Mais, pour être à la hauteur de sa réputation de « joker social » du président, notre ministre ne pouvait faire moins que plaider pour le « consensus social » et la « reprise du dialogue » avec ceux qu’il désigne de « partenaires sociaux ». Un déni de la réalité que les grévistes et manifestants récemment victimes des coups et des gaz de la police auront sans aucun doute apprécié...

Il est vrai que Jean-Louis Borloo ne fait pas très sérieux. Mais derrière ce côté bouffon, il n’est pas inutile de rappeler que ce personnage a un lourd passé : en 1977, il crée un cabinet d’avocats spécialisé dans la reprise d’entreprises en difficulté et devient l’avocat d’affaire de Bernard Tapie. Ensemble, ils se livrent aux mêmes prédations sur le dos des salariés.

Borloo est à la droite ce que Tapie - ministre de Mitterrand - est à la gauche.

« Parfaitement aux faits des techniques financières, Borloo met au point une méthode simple de reprise, consistant à s’assurer d’abord qu’il existe des actifs dans la valeur de l’entreprise.
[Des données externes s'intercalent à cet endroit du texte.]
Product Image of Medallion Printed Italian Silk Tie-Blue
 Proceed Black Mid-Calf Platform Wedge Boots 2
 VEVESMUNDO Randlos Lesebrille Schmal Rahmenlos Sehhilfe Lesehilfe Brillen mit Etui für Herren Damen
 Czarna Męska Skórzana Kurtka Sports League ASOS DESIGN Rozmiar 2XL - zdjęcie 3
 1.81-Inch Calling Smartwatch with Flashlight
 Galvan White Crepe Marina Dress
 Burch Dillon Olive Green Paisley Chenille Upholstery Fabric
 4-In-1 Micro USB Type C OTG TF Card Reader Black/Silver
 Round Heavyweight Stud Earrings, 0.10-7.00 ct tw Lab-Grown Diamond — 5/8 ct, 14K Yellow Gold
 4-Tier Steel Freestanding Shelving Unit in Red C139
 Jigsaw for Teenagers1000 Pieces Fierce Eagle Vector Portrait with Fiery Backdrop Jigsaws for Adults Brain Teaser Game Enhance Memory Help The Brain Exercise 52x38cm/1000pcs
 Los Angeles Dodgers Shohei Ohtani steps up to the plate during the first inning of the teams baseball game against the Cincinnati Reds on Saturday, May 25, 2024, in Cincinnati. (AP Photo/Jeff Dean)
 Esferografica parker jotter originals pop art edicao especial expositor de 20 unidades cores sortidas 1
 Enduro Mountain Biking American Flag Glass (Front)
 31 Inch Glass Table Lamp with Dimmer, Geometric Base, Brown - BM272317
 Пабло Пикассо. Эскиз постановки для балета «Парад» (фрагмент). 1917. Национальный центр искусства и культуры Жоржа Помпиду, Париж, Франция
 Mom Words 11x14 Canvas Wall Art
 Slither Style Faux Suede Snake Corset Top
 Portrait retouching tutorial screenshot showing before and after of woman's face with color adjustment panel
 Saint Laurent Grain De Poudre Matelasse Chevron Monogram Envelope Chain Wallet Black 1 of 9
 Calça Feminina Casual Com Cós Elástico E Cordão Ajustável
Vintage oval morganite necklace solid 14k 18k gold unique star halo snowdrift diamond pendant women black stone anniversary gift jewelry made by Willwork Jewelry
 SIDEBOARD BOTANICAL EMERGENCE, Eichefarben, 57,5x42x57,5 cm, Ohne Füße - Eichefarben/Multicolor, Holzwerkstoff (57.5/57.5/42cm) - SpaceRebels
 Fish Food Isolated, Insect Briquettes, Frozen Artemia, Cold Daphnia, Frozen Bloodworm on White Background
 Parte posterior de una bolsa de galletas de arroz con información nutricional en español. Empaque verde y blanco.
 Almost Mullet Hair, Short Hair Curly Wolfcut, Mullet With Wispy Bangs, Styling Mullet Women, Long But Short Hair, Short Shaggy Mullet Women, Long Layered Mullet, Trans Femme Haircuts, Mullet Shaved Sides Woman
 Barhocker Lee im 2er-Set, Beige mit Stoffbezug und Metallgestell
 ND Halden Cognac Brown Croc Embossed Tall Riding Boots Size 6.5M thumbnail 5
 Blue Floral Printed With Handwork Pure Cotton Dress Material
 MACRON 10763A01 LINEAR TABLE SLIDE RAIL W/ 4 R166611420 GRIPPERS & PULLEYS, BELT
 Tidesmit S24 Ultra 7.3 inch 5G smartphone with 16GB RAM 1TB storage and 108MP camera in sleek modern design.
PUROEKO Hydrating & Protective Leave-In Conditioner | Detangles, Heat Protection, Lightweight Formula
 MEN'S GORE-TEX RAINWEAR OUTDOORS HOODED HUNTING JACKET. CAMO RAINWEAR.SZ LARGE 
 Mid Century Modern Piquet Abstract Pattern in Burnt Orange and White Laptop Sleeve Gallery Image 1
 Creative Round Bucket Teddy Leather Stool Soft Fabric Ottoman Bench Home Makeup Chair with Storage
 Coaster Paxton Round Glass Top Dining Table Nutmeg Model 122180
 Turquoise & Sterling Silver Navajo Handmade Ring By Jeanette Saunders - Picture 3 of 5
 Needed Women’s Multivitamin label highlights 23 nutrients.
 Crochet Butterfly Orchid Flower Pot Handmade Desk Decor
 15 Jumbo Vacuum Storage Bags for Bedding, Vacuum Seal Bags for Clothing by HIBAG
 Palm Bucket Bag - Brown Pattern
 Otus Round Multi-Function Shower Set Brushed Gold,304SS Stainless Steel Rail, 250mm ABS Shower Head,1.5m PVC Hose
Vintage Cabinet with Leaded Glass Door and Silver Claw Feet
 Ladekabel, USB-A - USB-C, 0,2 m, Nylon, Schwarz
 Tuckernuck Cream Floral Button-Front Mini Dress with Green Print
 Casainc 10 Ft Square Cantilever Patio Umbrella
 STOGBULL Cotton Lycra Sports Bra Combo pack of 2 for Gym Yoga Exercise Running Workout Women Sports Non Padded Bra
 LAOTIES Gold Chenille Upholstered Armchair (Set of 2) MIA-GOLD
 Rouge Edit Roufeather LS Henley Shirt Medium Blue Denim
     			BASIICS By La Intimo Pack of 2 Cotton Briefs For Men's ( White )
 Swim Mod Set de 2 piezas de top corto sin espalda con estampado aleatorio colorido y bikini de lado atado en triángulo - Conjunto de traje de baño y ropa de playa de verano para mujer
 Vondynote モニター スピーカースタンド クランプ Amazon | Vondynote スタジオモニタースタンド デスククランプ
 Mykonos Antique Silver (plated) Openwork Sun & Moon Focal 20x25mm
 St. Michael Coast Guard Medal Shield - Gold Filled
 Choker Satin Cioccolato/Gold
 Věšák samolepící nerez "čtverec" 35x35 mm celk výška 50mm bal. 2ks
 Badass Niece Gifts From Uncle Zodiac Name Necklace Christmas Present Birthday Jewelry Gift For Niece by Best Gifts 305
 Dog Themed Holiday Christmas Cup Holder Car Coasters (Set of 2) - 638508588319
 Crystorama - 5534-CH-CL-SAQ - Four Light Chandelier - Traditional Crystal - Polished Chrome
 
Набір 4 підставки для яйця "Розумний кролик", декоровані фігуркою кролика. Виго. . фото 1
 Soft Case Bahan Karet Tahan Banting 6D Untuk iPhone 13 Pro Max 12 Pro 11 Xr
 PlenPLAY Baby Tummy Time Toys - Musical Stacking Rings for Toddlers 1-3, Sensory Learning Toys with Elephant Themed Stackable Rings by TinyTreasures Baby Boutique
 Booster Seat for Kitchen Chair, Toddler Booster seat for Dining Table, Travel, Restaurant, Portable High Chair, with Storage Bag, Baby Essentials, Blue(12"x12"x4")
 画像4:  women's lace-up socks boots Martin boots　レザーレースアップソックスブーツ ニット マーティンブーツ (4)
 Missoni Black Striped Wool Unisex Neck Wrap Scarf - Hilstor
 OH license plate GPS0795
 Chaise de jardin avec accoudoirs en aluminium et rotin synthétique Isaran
Un dossier de reprise est ensuite monté pour un franc symbolique - rarement plus -, tandis que des négociations sont menées avec les créanciers afin qu’ils renoncent à toute ou partie de leurs crédits [...].

La vente des actifs sert enfin à rembourser en partie les crédits restants, le solde finissant dans la poche du repreneur ».

En 1989, il se lance dans la politique et devient maire de Valenciennes ; « sa fortune personnelle comme avocat d’affaires est évaluée à plus de 40 millions de francs [...] Il roule carosse et dépense sans compter ».

Lors du procès de Bernard Tapie qui a suivi l’effondrement du Crédit lyonnais, Jean-Louis Borloo - co-concepteur du système commun aux deux prédateurs - n’est pas inquiété ; « personne n’avait intérêt à dévoiler des mécanismes qui ont profité à tant de monde et qui pouvaient resservir plus tard ».

En politique, à noter la grand plasticité de Jean-Louis Borloo : il a été, tour à tour, co-fondateur de Génération écologie, membre de la direction de l’UDF où il soutient Bayrou avant de se rallier à Chirac pour, finalement, devenir co-président du Parti radical et vice-président de l’UMP.

Cet ancien chef scout est « toujours prêt » à n’importe quelle conversion qui lui soit profitable...

JPD

Note : Les citations de ce texte sont extraites de l’ouvrage : Histoire secrète du patronat de 1945 à nos jours, le vrai visage du capitalisme français, sous la direction de Benoît Collombat et David Servenay, Ed. La Découverte, 2009.